§ **Task directions**
Everything in the listing below from the line containing "Pieces of fresh" through the line containing "1968: firemen outside" must be repeated exactly; the remaining lines are not wanted.

§ **Data provided**
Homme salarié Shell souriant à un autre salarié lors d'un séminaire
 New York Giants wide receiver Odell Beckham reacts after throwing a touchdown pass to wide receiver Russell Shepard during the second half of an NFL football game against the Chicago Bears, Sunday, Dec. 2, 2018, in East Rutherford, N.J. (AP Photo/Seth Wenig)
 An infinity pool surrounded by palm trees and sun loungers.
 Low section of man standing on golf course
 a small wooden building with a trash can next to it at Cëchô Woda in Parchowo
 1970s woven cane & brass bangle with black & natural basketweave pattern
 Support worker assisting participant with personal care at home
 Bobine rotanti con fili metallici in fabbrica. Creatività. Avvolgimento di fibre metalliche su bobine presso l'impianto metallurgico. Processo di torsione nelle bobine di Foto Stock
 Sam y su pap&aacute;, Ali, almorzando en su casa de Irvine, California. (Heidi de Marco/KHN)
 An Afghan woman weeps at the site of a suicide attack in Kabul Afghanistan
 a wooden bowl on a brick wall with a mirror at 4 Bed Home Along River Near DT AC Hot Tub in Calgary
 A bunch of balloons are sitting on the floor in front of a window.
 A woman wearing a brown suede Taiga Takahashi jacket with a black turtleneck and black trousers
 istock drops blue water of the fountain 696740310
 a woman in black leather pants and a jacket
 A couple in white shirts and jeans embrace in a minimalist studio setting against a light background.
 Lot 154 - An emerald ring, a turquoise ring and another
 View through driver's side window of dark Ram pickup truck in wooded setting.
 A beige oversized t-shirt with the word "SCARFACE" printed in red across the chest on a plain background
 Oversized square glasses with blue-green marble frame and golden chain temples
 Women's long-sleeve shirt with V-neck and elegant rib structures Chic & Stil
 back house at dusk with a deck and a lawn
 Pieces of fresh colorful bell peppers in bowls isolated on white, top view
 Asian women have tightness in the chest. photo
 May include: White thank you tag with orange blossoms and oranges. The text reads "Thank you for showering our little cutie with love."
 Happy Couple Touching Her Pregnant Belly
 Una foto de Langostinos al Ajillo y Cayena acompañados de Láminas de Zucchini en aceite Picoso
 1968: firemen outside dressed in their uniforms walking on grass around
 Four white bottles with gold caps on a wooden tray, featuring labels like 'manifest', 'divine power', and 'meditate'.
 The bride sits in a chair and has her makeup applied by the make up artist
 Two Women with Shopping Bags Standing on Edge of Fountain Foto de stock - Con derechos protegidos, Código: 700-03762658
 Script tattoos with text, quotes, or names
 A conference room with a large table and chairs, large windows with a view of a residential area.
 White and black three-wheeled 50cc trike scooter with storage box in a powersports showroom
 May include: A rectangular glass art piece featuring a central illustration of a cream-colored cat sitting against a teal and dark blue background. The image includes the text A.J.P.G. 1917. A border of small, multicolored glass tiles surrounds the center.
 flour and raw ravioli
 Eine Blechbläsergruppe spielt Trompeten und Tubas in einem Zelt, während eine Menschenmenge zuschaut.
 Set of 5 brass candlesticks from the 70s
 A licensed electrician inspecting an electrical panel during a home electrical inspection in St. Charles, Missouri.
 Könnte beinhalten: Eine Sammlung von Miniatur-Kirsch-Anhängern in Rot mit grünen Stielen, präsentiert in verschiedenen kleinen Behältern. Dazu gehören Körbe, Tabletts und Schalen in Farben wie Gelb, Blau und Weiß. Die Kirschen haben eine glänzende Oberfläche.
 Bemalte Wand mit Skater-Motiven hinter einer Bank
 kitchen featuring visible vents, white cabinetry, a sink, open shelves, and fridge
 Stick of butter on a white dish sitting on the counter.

§ **Solution to this task**
 Pieces of fresh colorful bell peppers in bowls isolated on white, top view
 Asian women have tightness in the chest. photo
 May include: White thank you tag with orange blossoms and oranges. The text reads "Thank you for showering our little cutie with love."
 Happy Couple Touching Her Pregnant Belly
 Una foto de Langostinos al Ajillo y Cayena acompañados de Láminas de Zucchini en aceite Picoso
 1968: firemen outside dressed in their uniforms walking on grass around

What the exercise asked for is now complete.